Il veut également être incontournable en Syrie, où il joue sur tous les tableaux après avoir soutenu Daesh. S’agissant de la Grèce, il dispose dans le pays même d’une sorte de cinquième colonne avec les Grecs d’origine turque qui vivent en Thrace et une classe politique chloroformée qui se contente de couiner mais ne sort pas la grosse artillerie, de peur de déplaire aux financiers qui l’ont prise en otage, Aube dorée tenant seul un vrai langage de résistance.
Enfin, pour ce qui est de Chypre, Erdogan mesure sa force chaque jour face au silence de Bruxelles qui, depuis 1974, ne dit mot sur cette île dont « l’occupation constitue un anachronisme flagrant dans le monde globalisé de maintenant » (cf. Charalambos Petinos dans Chypre, éditions Sigest, 2017).
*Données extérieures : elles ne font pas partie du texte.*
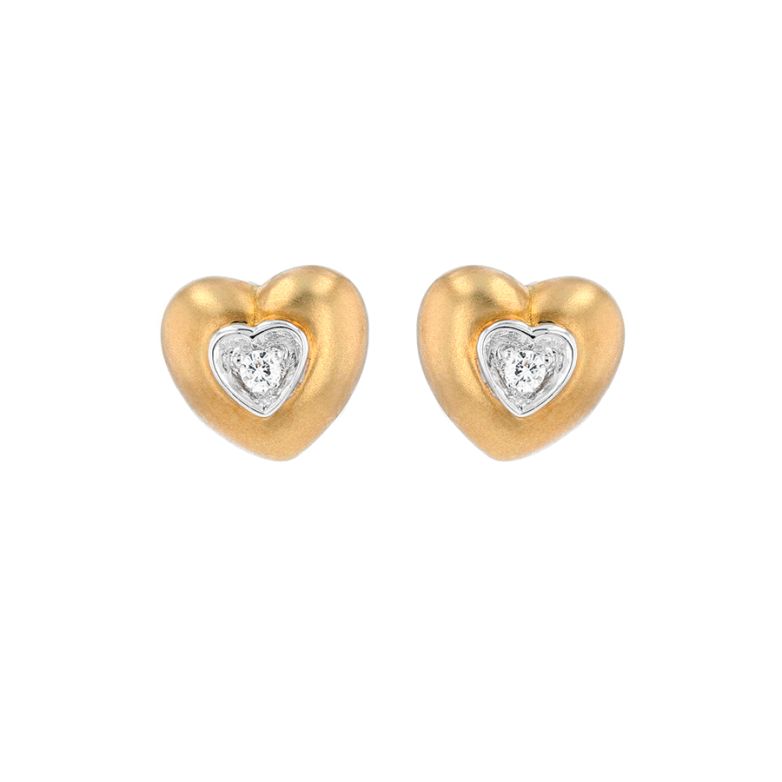 Earrings diamonds 0.03...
Et personne n’a pipé mot lors des prospections pétrolières illégalement menées par Ankara au large des côtes chypriotes, non plus que l’on n’a entendu la moindre protestation lorsque des pavillons de la marine turque bloquèrent les navires de forage du groupe pétrolier italien ENI.
De graves menaces
L’année qui vient de s’écouler a vu une augmentation de plus de 48 % des violations de l’espace aérien grec tandis que les violations des eaux territoriales étaient multipliées par… 450 ! Le tout dans un mutisme quasi général alors que la Méditerranée est l’objet de tous les soins d’observateurs divers et variés dès qu’il s’agit de bateaux trimballant des migrants.
Bien que la frontière gréco-turque soit extrêmement poreuse et que de nombreux clandestins et/ou trafiquants la franchissent allégrement, deux militaires grecs arrêtés en territoire turc alors qu’ils s’étaient égarés dans la neige croupissent dans une geôle turque en attendant que leur gouvernement veuille bien les troquer contre des officiers turcs qui avaient trouvé refuge en Grèce au moment du coup d’Etat contre Erdogan.
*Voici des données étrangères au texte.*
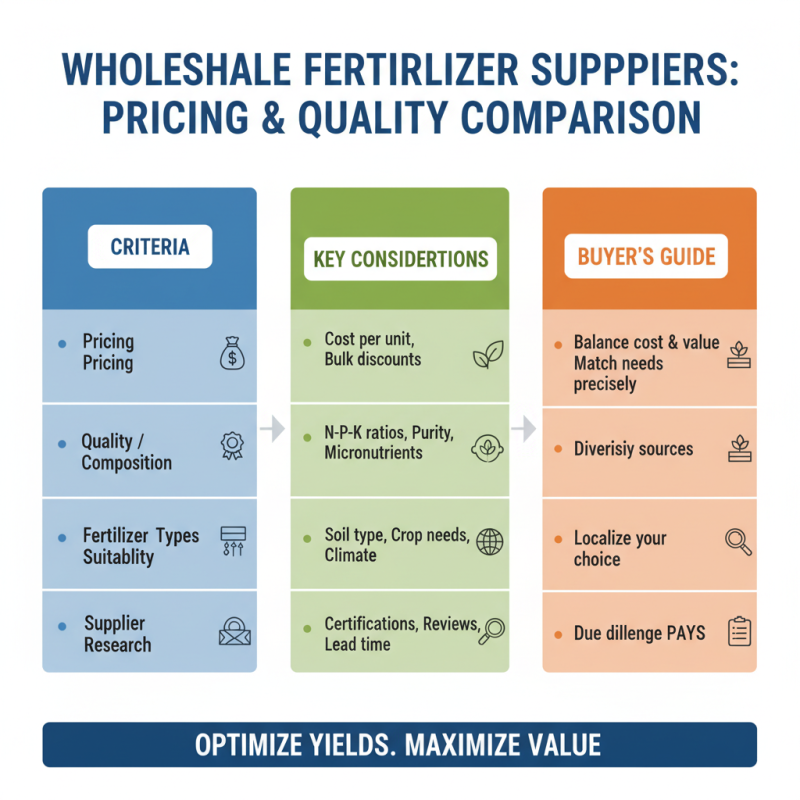 Wholesale Fertilizer Best Suppliers for Global Buyers?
Ce dernier, fort du soutien de plus de 87 % de ses concitoyens qui croient que l’Occident s’emploie à dépouiller la Turquie, veut mettre la main sur le chapelet des îles de la mer Egée données à la Grèce par le traité de Lausanne, le tout confirmé par les accords italo-turcs de 1932 et le traité de Paris de 1947 qui reconnaissait la souveraineté grecque sur ces territoires. Le nouveau sultan accuse Atatürk, et par là même toute la hiérarchie militaire restée fidèle à la mémoire de Mustafa Kemal, « d’avoir vendu les îles qui sont les nôtres depuis toujours et où nous avons nos mosquées et nos sanctuaires »… Ainsi que quantité de charniers dont celui de Chios par exemple, dont le massacre des habitants par les janissaires hante encore les descendants des survivants.
Comme le prédit son allié Devlet Bahçeli, « les milliers de projectiles que nos forces feront pleuvoir sur la mer Egée seront le signe d’une bénédiction qui procurera une leçon d’histoire aux gens de la Croix » – autrement dit aux chrétiens. En n’oubliant que dans la plupart de ces îles, comme Lesbos ou Chios précisément, une armée de migrants majoritairement musulmans joue l’incruste sur le sol grec. A bon entendeur, salut.